Stored data START
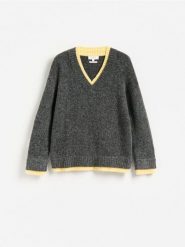 Sweter z dodatkiem wełny - szary. Szare swetry damskie Reserved, l, bez wzorów, z dzianiny, bez kołnierzyka, bez ramiączek, bez kaptura. Za 179.99 zł.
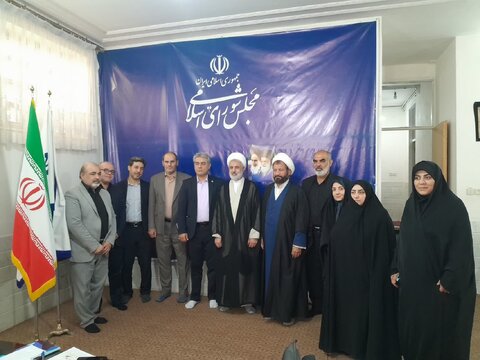 گزارش تصویری/ دیدار حجه الاسلام والمسلمین  ذوالنوری  نماینده مردم قم در مجلس شورای اسلامی با مدیرکل و معاونین بهزیستی استان قم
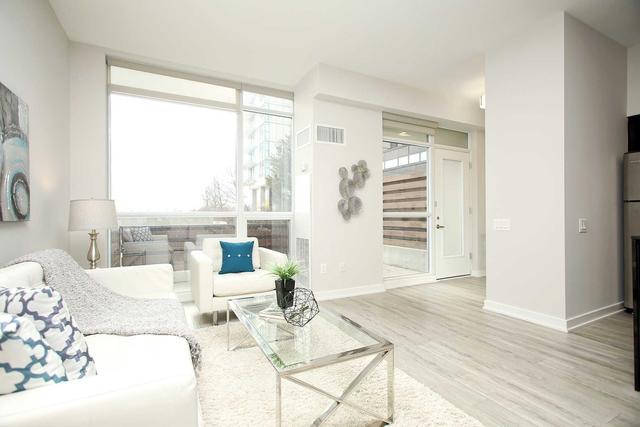 th6 - 33 Singer Crt, Townhouse with 2 bedrooms, 3 bathrooms and 1 parking in Toronto ON | Image 6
Stored data END
* **What to do**:
Once the pictures are removed, print all the remaining data exactly as it stands.

* **Solution for this task**:
 Sweter z dodatkiem wełny - szary. Szare swetry damskie Reserved, l, bez wzorów, z dzianiny, bez kołnierzyka, bez ramiączek, bez kaptura. Za 179.99 zł.
 گزارش تصویری/ دیدار حجه الاسلام والمسلمین  ذوالنوری  نماینده مردم قم در مجلس شورای اسلامی با مدیرکل و معاونین بهزیستی استان قم
 th6 - 33 Singer Crt, Townhouse with 2 bedrooms, 3 bathrooms and 1 parking in Toronto ON | Image 6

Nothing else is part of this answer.